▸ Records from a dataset

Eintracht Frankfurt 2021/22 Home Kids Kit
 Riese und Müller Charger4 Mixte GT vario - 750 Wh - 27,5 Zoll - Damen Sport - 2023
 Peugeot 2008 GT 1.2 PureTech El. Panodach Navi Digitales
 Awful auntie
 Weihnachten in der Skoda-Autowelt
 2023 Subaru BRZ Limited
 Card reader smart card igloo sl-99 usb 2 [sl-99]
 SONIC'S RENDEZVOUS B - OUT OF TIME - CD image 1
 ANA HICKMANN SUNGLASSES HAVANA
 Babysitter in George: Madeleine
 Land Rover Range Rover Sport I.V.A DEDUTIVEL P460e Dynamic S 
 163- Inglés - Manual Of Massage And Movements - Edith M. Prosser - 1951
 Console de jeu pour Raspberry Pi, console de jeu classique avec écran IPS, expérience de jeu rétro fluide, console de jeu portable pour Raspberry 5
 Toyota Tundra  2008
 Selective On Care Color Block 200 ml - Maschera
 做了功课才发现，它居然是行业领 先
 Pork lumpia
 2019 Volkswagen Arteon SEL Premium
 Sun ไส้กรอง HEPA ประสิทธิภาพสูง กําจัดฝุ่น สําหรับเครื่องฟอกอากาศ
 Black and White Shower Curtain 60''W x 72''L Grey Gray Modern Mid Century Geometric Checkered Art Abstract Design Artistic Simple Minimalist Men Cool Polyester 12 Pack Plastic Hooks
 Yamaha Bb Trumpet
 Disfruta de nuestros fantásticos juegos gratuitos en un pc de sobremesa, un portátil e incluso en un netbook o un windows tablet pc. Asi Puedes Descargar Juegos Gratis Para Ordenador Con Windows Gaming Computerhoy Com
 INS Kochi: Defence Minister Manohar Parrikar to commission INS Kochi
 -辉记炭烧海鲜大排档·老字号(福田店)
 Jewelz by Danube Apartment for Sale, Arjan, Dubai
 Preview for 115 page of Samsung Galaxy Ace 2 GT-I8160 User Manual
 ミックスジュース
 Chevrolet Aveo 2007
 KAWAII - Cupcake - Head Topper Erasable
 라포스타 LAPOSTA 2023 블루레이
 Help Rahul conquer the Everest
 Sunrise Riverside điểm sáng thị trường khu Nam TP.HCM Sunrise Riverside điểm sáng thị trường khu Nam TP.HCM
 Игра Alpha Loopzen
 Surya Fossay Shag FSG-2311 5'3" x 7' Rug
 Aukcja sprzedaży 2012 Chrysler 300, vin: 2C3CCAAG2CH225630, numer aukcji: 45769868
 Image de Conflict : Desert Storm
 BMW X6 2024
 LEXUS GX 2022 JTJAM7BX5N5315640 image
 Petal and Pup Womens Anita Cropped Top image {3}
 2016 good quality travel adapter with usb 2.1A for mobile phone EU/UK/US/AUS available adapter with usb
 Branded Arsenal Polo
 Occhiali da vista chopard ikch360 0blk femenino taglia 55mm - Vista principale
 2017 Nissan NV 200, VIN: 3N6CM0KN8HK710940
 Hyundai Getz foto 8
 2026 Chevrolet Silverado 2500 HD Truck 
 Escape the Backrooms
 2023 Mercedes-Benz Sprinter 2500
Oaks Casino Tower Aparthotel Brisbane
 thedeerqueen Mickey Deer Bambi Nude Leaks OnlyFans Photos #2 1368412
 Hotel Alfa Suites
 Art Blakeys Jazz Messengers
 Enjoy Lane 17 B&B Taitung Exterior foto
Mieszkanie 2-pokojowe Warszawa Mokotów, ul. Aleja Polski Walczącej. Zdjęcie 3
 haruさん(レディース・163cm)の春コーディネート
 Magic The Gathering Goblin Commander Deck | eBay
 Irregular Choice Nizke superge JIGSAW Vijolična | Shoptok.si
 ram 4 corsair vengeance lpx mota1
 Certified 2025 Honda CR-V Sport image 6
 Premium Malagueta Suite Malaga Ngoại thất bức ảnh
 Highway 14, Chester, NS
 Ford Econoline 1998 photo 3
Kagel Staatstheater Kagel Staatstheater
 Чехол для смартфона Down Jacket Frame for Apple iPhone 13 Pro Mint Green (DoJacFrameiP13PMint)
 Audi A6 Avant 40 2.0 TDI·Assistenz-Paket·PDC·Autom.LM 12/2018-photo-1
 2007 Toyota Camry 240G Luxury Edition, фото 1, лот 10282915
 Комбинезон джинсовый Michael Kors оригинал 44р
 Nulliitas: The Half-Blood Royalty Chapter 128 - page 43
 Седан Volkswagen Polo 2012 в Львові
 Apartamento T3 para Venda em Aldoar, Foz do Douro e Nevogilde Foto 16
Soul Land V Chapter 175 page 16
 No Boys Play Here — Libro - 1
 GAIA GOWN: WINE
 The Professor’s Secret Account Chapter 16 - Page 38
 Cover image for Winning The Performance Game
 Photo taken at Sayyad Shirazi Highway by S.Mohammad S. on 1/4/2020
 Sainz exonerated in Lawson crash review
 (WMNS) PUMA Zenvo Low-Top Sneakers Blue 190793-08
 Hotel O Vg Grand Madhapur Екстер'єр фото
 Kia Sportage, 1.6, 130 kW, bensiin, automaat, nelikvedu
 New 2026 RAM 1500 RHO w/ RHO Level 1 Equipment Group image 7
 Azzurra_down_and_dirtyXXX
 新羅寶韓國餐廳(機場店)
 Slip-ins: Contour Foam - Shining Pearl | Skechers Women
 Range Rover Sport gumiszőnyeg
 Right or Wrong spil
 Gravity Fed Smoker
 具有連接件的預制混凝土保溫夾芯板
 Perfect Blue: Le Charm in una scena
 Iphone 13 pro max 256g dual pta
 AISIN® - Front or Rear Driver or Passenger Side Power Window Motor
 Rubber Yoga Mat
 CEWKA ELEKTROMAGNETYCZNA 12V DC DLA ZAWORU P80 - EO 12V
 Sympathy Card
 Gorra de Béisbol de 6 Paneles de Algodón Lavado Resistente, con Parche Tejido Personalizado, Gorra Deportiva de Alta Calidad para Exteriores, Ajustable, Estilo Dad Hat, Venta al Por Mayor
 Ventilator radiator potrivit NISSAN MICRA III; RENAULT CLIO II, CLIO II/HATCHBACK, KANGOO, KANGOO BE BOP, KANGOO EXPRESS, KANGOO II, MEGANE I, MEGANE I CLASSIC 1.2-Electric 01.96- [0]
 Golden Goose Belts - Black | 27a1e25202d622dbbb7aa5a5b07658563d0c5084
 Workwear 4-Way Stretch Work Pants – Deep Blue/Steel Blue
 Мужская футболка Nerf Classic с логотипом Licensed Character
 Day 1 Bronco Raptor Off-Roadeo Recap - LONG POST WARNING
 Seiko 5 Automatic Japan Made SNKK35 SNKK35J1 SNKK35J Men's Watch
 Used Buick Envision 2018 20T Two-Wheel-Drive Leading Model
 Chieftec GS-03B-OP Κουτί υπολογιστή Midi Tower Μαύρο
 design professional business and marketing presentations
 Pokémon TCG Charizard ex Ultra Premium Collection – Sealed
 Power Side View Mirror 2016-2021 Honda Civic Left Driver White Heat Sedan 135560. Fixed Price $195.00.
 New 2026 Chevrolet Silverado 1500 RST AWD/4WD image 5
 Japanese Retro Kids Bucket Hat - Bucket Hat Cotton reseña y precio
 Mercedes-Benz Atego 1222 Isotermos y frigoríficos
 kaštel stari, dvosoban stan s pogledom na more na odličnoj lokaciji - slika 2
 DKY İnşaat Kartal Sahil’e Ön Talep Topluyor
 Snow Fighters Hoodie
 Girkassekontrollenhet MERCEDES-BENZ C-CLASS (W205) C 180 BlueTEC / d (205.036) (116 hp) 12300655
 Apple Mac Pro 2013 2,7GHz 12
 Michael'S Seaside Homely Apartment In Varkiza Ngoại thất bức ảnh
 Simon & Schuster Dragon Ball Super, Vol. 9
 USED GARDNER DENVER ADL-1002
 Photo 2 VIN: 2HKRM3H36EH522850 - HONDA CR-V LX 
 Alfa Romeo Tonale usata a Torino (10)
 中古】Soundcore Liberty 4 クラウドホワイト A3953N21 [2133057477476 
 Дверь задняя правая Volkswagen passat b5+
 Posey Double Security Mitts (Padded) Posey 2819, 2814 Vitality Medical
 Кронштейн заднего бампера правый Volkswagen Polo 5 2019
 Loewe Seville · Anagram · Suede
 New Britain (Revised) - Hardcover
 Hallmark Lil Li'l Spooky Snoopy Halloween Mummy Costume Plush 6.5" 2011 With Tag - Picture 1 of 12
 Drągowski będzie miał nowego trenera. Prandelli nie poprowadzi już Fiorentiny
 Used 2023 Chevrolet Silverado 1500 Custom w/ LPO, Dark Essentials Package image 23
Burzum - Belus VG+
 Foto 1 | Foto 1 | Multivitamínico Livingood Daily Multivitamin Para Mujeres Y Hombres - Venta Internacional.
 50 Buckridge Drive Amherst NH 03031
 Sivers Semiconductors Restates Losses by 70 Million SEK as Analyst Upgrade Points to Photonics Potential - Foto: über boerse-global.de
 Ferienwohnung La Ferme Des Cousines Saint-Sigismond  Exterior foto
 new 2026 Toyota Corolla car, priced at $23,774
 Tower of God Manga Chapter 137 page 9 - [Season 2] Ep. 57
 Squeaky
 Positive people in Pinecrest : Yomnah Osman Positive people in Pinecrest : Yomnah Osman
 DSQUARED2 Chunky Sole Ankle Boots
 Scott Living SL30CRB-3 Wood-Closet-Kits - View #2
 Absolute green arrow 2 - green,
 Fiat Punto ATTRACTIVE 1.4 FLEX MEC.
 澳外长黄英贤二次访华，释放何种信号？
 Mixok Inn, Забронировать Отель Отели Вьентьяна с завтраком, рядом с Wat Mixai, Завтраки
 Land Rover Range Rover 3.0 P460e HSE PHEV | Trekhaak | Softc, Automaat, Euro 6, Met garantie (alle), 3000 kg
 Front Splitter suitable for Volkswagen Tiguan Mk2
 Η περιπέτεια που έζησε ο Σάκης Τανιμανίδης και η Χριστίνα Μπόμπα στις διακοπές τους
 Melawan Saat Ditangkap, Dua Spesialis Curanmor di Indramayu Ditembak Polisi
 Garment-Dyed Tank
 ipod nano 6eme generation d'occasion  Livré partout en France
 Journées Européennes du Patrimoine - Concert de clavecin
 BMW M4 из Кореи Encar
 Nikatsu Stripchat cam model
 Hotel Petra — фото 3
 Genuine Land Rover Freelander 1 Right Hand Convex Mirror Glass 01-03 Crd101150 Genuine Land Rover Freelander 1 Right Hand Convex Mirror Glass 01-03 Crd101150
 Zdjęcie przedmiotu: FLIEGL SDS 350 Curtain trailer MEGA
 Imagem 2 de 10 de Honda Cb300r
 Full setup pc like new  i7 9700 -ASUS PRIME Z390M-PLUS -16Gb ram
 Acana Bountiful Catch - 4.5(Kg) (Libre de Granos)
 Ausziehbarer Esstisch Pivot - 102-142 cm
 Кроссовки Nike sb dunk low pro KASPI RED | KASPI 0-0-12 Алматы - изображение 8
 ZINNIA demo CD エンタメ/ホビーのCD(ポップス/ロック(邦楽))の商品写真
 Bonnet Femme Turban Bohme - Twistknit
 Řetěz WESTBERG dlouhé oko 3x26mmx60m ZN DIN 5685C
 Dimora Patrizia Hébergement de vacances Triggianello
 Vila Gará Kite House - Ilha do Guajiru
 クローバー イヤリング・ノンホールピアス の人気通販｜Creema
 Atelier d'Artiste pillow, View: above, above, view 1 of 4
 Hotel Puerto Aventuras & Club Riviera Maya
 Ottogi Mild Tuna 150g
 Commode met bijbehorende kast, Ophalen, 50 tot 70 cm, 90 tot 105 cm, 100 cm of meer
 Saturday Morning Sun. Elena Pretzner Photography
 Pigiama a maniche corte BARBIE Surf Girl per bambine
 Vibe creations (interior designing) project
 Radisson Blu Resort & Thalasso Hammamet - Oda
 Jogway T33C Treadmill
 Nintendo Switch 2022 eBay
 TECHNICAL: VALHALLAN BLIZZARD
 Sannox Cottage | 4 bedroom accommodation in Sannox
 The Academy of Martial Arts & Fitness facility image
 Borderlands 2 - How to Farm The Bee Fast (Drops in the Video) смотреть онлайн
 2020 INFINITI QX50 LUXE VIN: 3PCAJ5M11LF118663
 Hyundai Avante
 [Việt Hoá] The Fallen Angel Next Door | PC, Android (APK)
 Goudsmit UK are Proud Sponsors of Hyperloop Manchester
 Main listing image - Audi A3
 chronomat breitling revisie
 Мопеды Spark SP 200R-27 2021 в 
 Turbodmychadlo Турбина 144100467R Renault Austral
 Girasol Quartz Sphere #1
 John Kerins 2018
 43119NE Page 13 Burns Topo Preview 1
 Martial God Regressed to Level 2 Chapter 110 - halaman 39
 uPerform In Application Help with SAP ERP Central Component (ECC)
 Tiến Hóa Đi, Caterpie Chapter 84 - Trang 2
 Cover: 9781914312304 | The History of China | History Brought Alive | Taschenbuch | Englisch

▸ What is expected
Reproduce each line of the records in which "Michael" appears.

▸ Solution to this problem
 Комбинезон джинсовый Michael Kors оригинал 44р
 Michael'S Seaside Homely Apartment In Varkiza Ngoại thất bức ảnh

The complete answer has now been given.